If you’re anything like me, then you might be interested in these alternative study spaces:
An off-campus café
A university library can be full of distractions in the form of friends and acquaintances. There are far too many conversations you can get sucked into when you’re trying to get your head down and work. Yet the gentle buzz of people around you can provide a great background noise to ease you into starting that assignment.
If you’re not bothered by working around people, then going to an off-campus café could be great for your studies. Indulge yourself with some good-quality caffeine, or see how long you can make that pot of tea last. The change in environment can also be refreshing.
Spare university rooms
If you do really need that peace and quiet, and don’t like working around other people, there are other spaces at university you can use.

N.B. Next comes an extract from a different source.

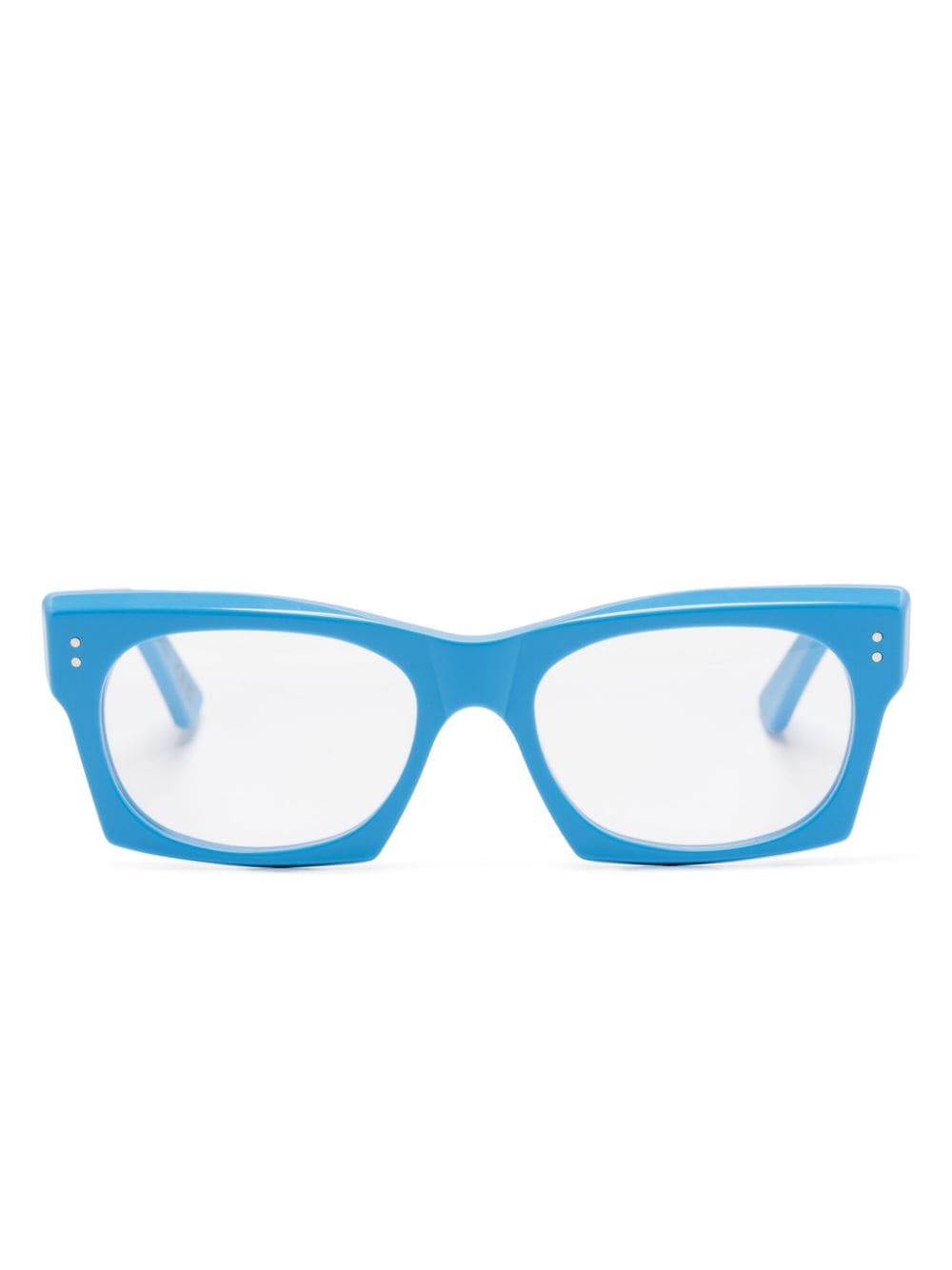 Marni Eyewear rectangle-frame glasses - Blue von Marni Eyewear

Email your department (or even personal tutor) to talk about room bookings. There might be rooms set aside for group study that are free to use, or your department might have a computer lab or seminar room that’s available for a few hours a week.

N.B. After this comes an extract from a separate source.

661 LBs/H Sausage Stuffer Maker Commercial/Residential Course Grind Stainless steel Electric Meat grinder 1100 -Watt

Being in a similar setting to your lectures and classes might also jog your memory and be useful in your writing/revising process.
Weather-dependent, but if it is warm enough outside, lying on the grass or finding a park bench to sit on can provide a relaxing setting to finish that essay.

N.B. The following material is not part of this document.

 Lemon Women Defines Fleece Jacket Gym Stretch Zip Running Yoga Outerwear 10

In exam season, grab some friends and test each other with flashcards. This way, you can soak up some Vitamin D and enjoy the sunshine whilst still staying on top of your work. If you’re using your laptop, make sure it’s not so bright outside that you can’t see what you’re doing!
A communal space or common room
Less busy than a library, but still with the relief of social breaks, a communal space within your college, house or flat could be where you’re most productive.
You can complain to others about your work, ask for feedback, or just begin to draft an assignment while half-concentrating on the telly. I find that this is best when you’re working on something of low importance, or something you’ve got lots of time for, like copying out your lecture notes or planning an essay.
Controversially, my room is my favourite place to do work. If you can get into a habit of sitting at your desk each day and closing those oh-so-distracting Facebook/Buzzfeed/Netflix tabs, your work will hugely benefit.
Here, you have the freedom to play music or sit in silence, to make teas and coffees and give yourself short but frequent breaks.
Some tips? Clear your desk at the end of the day so you can sleep with a clear head – out of sight, out of mind. Make sure you leave your room regularly (fresh air can be inspiring). If you can make a habit of working in your room, you’ll find that it’s the easiest and most convenient place to get things done.